- DATA:
=== Section Start ===

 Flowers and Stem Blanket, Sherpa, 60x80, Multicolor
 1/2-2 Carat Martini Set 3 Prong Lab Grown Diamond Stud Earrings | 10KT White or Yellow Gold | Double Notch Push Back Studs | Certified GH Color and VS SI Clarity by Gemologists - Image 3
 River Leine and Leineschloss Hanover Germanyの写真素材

=== Section End ===
=== Section Start ===

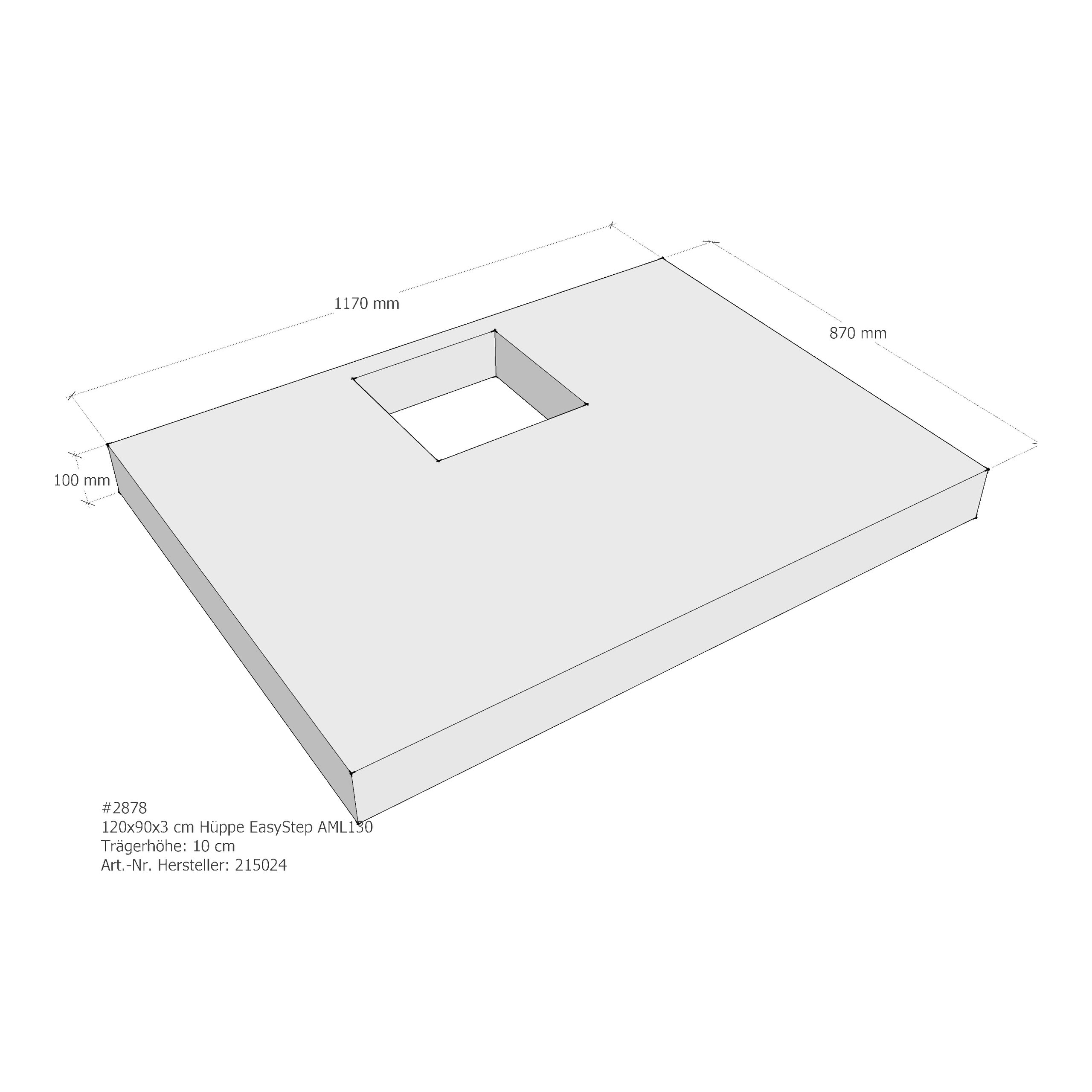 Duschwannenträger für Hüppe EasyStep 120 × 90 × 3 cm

=== Section End ===

- EXERCISE DESCRIPTION: Going back to the entries above, set down exactly the lines that begin at the one with "1/2-2 Carat Martini" and end at the one with "River Leine and", both included, and nothing else.

- TASK ANSWER:
 1/2-2 Carat Martini Set 3 Prong Lab Grown Diamond Stud Earrings | 10KT White or Yellow Gold | Double Notch Push Back Studs | Certified GH Color and VS SI Clarity by Gemologists - Image 3
 River Leine and Leineschloss Hanover Germanyの写真素材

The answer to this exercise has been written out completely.